“Latkes” – both food and cultural tourism

Muffin tin Latkes

Last year, Jon and I decided that we would head over to Williamsburg to experience the traditions of Hanukkah in their natural setting. Cultural tourists to the core, we had a list of restaurants in hand, each one specializing in a different delight, from chicken soup to donuts. “We’ll do a walking tour of deliciousness!” I said as we set off gamely into the evening.

On a Saturday night. Shabbat no less. In Hanukkah. In Orthodox Williamsburg.
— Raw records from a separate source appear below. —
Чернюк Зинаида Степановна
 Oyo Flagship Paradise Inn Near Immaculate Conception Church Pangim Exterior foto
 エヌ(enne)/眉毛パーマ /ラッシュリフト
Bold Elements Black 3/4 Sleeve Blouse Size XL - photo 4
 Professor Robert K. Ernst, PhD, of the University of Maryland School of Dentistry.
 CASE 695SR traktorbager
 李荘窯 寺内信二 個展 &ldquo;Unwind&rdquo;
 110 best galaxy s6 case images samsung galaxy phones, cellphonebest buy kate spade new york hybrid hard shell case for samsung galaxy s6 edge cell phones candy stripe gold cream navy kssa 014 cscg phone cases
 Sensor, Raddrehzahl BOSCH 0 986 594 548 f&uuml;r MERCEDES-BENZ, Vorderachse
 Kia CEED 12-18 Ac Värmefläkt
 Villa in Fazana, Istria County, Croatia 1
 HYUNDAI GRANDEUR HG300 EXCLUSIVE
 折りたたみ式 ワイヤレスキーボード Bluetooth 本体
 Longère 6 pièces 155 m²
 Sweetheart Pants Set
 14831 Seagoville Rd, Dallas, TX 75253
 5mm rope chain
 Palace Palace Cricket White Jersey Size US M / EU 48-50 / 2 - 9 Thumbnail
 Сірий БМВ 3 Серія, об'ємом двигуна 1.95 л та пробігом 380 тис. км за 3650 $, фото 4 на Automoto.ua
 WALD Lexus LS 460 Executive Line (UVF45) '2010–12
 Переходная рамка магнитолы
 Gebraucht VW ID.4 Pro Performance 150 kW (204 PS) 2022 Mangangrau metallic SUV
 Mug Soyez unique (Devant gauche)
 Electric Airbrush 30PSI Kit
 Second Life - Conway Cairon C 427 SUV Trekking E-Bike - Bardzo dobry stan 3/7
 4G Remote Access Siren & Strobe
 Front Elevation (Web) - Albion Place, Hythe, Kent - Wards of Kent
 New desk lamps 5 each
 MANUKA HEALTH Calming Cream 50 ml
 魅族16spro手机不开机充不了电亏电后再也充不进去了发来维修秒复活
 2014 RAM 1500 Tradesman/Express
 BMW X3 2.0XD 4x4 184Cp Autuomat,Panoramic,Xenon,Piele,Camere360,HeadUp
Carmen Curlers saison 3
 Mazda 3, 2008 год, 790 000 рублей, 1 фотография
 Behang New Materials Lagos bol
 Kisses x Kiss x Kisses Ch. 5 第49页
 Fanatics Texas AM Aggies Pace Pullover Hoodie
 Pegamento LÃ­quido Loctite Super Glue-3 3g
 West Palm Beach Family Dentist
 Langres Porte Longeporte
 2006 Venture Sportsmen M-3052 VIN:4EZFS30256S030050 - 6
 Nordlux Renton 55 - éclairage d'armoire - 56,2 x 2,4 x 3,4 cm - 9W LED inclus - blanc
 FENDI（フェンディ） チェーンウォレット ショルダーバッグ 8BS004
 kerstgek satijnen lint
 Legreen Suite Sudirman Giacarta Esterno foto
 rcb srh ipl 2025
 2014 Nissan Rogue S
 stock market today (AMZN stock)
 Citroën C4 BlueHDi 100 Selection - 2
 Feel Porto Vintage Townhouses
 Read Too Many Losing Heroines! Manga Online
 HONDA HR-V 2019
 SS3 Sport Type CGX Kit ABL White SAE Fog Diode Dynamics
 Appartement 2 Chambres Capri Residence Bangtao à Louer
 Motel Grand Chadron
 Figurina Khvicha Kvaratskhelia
It really was a terrible plan. The first deli on our list was locked and barred. The second was pulling down the shutters and we rounded the corner. The third sold us donuts, but wouldn’t let us sit down since they too were closing for the night. We pulled our scarves more tightly around us, called it quits, and went for a pizza instead.

Latkes

These are fake latkes, no doubt about it. Rosti really. Only they’re fake rosti too. So here’s the thing; you BAKE them in a muffin tray, rather than fry them in boiling oil. These has the obvious advantage – no boiling oil – and the secondary benefit – totally adorable, uniformly sized grated-potato awesomeness, all ready at the same time, good to go, very little mess and fuss.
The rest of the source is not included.